In a post-trial motion filed in 2015, Royer argued that the maximum sentence violated the Eighth Amendment of the U.S. Constitution, which prohibits cruel and unusual punishment. Royer argued that courts have rejected life and near-life sentences for minors – Royer was 17 then and is scheduled for parole at age 78 – and that courts must consider certain mitigating factors.

In a 2-1 ruling issued Tuesday, the Third District Appellate Court agreed.

“There is no dispute that (Royer’s) 60-year sentence constitutes a de facto life sentence under (the case law),” wrote Justice William Holdridge, with Justice Mary McDade concurring. “Therefore, we turn to the question of whether the sentencing court properly considered (Royer’s) youth and its attendant characteristics.”

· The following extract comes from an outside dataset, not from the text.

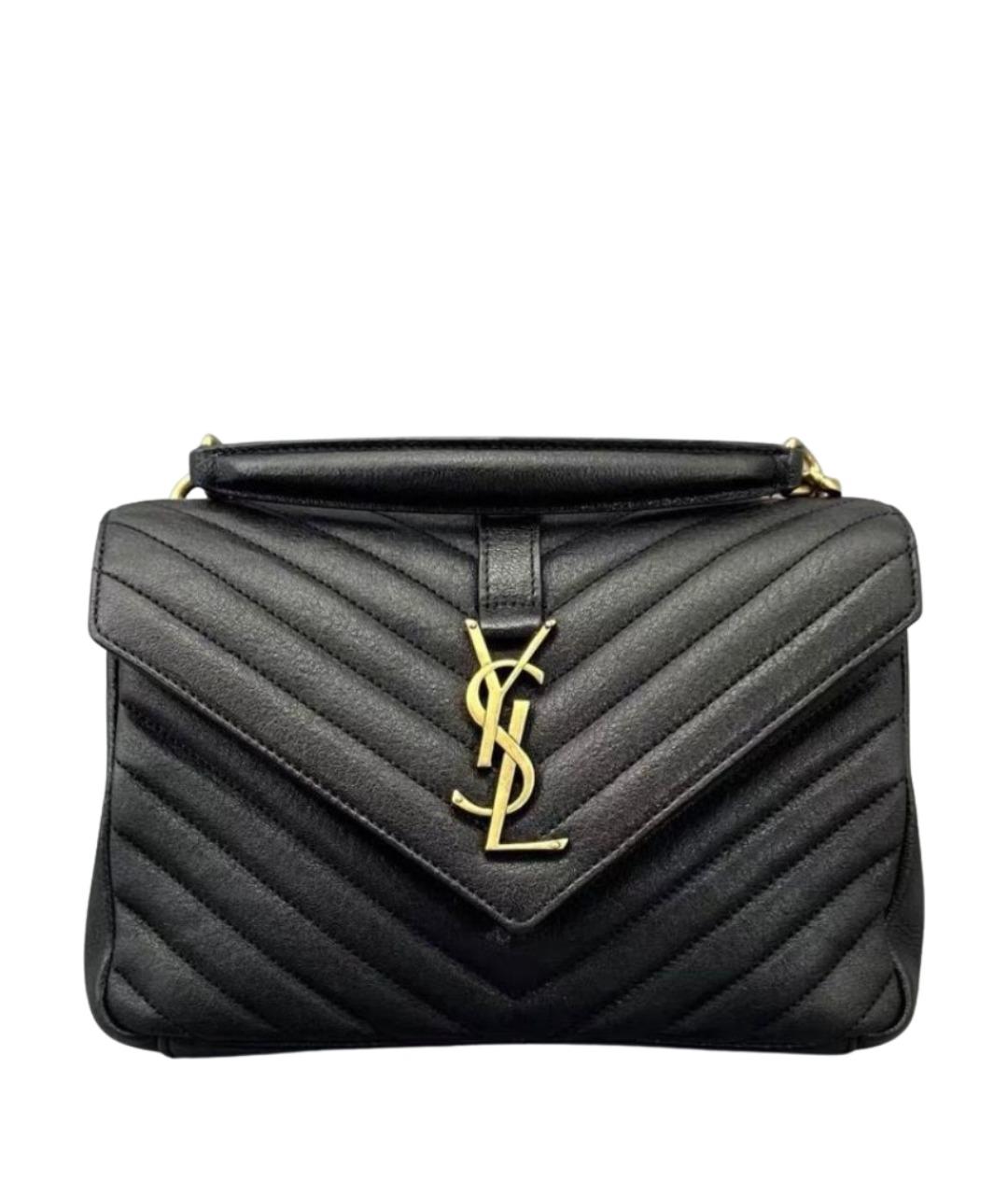 SAINT LAURENT Черная кожаная сумка через плечо, фото 1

Holdridge and McDade then considered Royer’s unstable home life and mental health record, among other factors, and decided the sentencing judge didn’t give them sufficient weight. The court ordered Royer be returned for new sentencing, but his murder conviction stands.

It was not yet clear when or if Royer is going back to Bureau County, as the state has the option of appealing the ruling to the Illinois Supreme Court. Bureau County State’s Attorney Geno Caffarini said Tuesday an appeal is under review.

If Caffarini does appeal, he can cite the opinion of a dissenting judge who felt the trial judge got it right when Royer first was sentenced for murder.

“The sentencing court received and considered evidence of defendant’s youth and its attendant circumstances at the sentencing hearing,” wrote Justice Daniel Schmidt. “Accordingly, I would find the discretionary de facto life sentence defendant received constitutional.”